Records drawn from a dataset
★ ★ ★ ★

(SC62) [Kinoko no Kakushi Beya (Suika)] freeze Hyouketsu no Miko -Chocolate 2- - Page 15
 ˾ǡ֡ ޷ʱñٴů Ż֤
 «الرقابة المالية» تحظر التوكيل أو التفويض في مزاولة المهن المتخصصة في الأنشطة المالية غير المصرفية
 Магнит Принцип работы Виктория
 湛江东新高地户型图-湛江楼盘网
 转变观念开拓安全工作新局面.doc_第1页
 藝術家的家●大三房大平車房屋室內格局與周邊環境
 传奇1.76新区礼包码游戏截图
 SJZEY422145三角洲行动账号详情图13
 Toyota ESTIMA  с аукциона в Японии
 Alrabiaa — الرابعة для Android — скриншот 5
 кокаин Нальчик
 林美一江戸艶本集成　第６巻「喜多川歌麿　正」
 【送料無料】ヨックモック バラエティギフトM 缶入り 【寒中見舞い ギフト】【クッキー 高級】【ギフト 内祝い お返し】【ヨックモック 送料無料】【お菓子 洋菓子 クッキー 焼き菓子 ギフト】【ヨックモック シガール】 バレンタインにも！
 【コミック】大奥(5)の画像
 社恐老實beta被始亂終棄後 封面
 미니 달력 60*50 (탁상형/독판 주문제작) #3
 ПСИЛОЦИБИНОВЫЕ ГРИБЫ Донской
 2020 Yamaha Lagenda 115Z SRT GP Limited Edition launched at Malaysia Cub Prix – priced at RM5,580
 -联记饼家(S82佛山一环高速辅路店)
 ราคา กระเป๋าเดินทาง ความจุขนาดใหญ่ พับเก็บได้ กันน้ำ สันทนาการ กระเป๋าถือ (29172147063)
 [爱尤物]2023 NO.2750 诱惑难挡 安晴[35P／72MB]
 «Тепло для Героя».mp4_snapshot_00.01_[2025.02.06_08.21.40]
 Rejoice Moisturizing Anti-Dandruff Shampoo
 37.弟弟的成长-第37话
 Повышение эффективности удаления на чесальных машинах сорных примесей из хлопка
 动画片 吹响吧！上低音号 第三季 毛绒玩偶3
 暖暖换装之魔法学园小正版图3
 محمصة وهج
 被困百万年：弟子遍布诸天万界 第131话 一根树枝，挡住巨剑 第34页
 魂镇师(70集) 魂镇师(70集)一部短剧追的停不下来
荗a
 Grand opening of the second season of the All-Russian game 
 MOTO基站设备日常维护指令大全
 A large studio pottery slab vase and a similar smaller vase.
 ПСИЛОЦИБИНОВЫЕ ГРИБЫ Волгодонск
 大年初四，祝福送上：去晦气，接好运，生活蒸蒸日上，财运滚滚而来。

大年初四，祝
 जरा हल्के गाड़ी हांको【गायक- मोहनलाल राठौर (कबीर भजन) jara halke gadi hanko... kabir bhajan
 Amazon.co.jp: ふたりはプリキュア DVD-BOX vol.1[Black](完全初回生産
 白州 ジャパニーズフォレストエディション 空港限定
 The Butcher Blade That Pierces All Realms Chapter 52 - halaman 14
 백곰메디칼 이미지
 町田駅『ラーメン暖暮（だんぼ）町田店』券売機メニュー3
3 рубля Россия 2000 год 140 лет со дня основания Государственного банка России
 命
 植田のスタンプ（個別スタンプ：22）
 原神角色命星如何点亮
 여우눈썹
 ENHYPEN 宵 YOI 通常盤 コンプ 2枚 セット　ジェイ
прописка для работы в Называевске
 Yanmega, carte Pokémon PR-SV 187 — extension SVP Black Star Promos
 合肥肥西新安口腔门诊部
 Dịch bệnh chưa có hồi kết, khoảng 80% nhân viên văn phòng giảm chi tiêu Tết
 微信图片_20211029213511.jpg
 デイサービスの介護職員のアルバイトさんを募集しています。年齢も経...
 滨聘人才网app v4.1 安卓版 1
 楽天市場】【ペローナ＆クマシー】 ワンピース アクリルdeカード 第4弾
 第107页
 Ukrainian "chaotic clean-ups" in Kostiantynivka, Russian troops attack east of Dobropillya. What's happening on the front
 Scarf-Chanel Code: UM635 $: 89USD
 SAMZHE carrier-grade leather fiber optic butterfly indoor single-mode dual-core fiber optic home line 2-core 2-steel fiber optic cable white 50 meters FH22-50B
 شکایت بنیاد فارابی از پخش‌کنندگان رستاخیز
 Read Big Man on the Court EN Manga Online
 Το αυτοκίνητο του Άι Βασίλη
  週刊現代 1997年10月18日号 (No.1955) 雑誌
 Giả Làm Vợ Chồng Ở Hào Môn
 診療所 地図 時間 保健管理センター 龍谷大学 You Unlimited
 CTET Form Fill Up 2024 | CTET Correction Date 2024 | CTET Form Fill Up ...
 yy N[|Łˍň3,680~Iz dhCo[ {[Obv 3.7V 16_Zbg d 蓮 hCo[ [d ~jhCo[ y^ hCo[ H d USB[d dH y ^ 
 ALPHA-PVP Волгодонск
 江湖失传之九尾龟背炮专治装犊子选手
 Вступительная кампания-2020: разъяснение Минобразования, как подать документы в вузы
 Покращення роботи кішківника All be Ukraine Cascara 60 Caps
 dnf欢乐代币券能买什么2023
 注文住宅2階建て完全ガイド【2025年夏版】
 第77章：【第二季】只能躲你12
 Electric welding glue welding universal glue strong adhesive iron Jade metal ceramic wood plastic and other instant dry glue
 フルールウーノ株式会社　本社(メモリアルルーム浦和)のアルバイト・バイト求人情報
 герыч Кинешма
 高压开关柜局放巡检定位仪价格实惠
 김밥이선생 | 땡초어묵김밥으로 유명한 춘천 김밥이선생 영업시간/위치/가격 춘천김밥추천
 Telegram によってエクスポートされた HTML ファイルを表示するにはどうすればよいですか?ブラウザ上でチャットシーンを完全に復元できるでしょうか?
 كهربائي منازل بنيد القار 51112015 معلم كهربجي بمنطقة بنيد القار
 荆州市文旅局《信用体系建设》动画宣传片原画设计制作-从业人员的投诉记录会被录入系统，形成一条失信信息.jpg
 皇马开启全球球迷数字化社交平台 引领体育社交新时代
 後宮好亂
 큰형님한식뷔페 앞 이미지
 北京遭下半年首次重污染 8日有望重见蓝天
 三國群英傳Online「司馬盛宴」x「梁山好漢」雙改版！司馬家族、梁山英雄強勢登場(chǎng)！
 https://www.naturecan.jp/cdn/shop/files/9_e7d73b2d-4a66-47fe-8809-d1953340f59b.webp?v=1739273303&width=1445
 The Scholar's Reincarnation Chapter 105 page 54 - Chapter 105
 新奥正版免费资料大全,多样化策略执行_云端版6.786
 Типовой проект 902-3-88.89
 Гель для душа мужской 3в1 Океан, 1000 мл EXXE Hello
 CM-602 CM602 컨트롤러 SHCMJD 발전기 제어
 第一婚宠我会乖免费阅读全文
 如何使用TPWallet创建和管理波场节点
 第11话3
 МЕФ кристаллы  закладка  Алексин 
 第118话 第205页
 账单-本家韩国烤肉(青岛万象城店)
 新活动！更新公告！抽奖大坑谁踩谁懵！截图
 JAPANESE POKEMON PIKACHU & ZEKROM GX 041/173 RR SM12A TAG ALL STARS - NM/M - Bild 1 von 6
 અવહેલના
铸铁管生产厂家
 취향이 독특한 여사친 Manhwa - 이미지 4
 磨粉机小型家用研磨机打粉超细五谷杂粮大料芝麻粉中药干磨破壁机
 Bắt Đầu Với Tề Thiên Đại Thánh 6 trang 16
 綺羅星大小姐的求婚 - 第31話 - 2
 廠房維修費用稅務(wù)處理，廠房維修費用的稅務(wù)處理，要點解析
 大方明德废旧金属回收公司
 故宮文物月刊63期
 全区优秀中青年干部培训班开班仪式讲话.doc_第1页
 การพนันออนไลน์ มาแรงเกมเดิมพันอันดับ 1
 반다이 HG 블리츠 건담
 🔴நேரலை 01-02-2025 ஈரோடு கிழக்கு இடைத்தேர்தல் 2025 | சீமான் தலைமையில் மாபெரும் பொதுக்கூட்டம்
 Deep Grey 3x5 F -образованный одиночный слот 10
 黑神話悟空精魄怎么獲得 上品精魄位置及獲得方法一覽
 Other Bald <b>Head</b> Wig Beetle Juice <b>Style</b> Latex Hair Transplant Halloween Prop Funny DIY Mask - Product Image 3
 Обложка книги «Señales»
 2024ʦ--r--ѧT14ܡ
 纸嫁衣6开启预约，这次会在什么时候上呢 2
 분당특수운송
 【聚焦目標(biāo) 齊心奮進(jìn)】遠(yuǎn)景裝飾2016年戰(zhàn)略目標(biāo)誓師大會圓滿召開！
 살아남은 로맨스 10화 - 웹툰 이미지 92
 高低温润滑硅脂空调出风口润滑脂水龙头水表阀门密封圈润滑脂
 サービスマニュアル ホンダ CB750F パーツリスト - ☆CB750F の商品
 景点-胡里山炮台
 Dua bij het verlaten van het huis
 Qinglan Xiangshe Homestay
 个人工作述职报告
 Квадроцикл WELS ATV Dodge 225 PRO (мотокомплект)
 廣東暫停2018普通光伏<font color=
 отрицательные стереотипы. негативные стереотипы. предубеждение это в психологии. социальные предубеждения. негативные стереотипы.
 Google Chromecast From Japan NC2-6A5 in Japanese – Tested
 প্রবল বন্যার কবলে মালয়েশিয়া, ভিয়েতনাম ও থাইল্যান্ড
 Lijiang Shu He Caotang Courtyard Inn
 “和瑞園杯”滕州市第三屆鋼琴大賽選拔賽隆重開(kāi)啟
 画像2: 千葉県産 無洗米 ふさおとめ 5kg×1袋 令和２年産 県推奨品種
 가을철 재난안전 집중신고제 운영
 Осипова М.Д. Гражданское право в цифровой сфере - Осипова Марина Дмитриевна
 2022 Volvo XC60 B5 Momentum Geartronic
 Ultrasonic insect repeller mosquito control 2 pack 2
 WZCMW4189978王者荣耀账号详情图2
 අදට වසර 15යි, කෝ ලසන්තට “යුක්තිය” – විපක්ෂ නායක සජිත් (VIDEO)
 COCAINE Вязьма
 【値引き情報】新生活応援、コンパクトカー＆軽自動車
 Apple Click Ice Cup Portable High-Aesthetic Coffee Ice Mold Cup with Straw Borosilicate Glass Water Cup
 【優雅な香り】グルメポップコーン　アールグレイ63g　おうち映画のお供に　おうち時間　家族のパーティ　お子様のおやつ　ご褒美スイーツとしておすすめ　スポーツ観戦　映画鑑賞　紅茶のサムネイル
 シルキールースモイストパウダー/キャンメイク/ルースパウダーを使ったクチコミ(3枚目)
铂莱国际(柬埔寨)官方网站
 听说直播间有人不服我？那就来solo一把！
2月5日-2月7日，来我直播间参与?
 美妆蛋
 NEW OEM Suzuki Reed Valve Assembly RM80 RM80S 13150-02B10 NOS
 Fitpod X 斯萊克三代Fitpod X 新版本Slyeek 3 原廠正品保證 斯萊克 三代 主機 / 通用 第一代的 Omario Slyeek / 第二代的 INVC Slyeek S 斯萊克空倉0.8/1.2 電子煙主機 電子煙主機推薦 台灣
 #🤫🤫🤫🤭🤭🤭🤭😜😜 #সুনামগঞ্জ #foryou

★ ★ ★ ★

▶ Exercise: Among the entries above, how many lines contain the string "Волгодонск"? Write the number alone.

▶ Finished exercise: 2